Aparte de esa forma de narrar tan ágil, donde la música, en su mayoría canciones que ya existían previamente, juega un papel determinante, el tono paródico que se desprende de las acciones y sobre todo de los personajes nos devuelve la impronta de un estilo que por una parte vendría a ser heredero del primer Scorsese, así como de Robert Altman y, al mismo tiempo, conecta de pleno con la tradición inaugurada por Tarantino a principios de los noventa.
Sin embargo, y pese a esos modelos tan evidentes de los que bebe, el cine de PTA se debe a sí mismo y de ahí ese tono desencantado que se percibe bajo la accidentada existencia de una familia de viejos revolucionarios venidos a menos, padre e hija, siempre huyendo, siempre intentando recordar unas contraseñas tan estrambóticas como sus propias vidas, que son el fiel reflejo de la muerte de los ideales en un mundo cada vez menos propenso a aceptar la radicalidad de su discurso.
En definitiva, lo esencial de la película no reside tanto en la historia de un hombre enfrentándose a su pasado, sino en cómo esa lucha personal se convierte en una metáfora del agotamiento moral de las sociedades que alguna vez creyeron en el cambio.

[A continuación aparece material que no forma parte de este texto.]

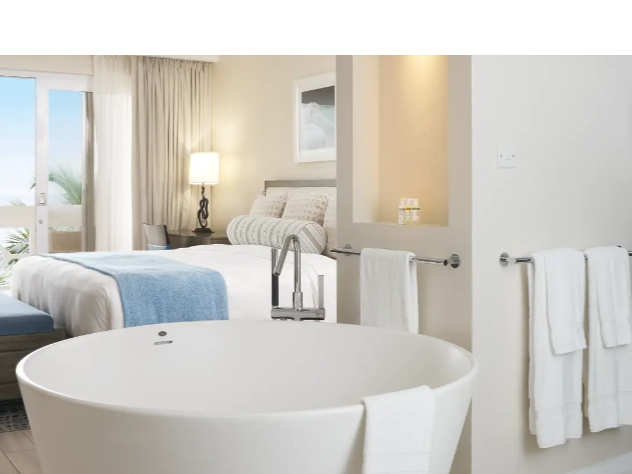 Grand Luxury Oceanfront Suite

Lo cual provoca que Anderson no filme sólo una venganza o una redención, sino una batalla constante —política, emocional y espiritual— entre ideales rotos y sistemas que se reciclan en su violencia. La trascendencia de la película, pues, está en mostrar que lo verdaderamente revolucionario ya no es tomar las armas, sino atreverse a sostener una ética en un mundo que premia la resignación.